The adoption of new and cheaper technology and the expectation of revenue and profitability growth are behind the massive rise of telecom stocks. Mobile phone penetration rates in Europe are exceeding expectations and in Scandinavia, levels of penetration previously thought to have been wildly optimistic are being handsomely beaten.

While the penetration rate in Ireland has risen sharply to about 26 per cent, there appears to be many years of growth as new applications, greater affordability and competition all seem to be designed to get more of us to use mobile phones more of the time.

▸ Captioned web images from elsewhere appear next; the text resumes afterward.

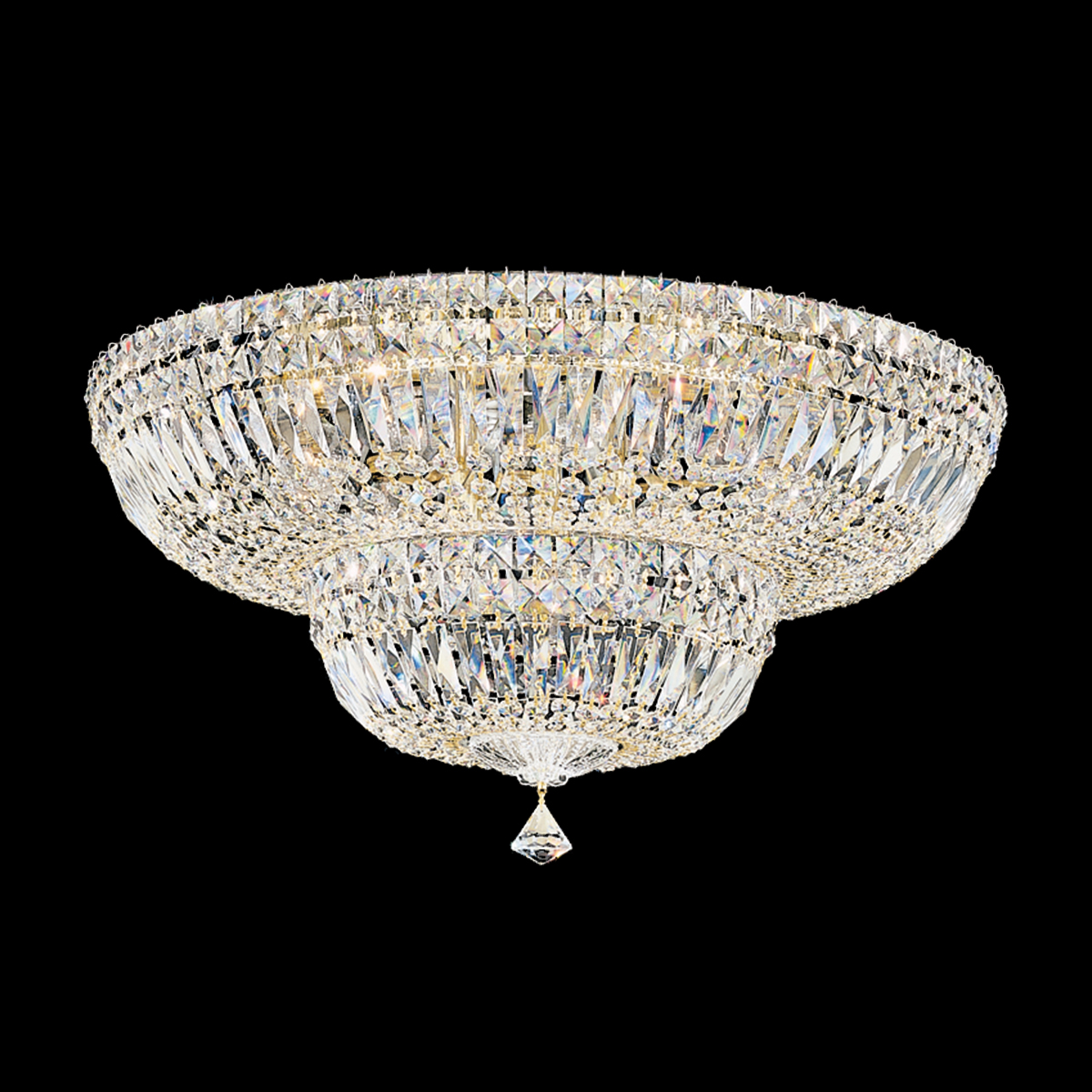 Schonbek Signature Crystal Petit Crystal Deluxe Flush Mount 5895E-211R_IMRO_1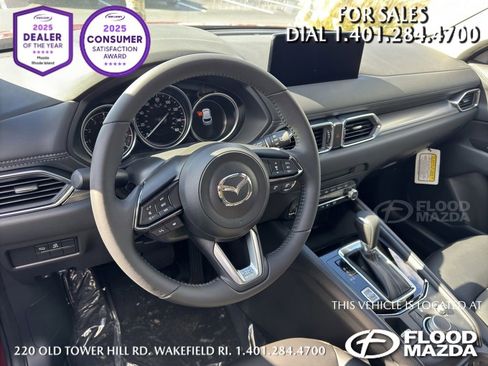 Certified 2025 MAZDA CX-5 AWD 2.5 S image 10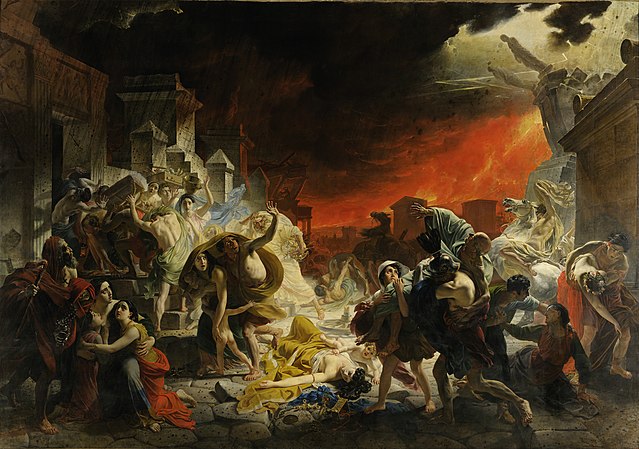 Erupção do Vesúvio: tragédia causou 20 mil mortes em Pompeia e Herculano - 1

Telecoms are an opportunity to invest in the future and this perhaps explains some of the huge gains made by the sector in the past year. However, Telecom Eireann's short and medium term prospects are not founded on far-reaching new applications, but on more mundane (and, thankfully, tangible) issues. Cost reductions are much talked about, but of greater significance is the employee ownership of 15 per cent of the company, which should enable amended work practices to deliver substantial increases in efficiency. A significant attraction of the Irish telecom market is that we tend to talk more than our European neighbours (line usage in Ireland is about 16 minutes a day versus approximately 12 minutes for Europe).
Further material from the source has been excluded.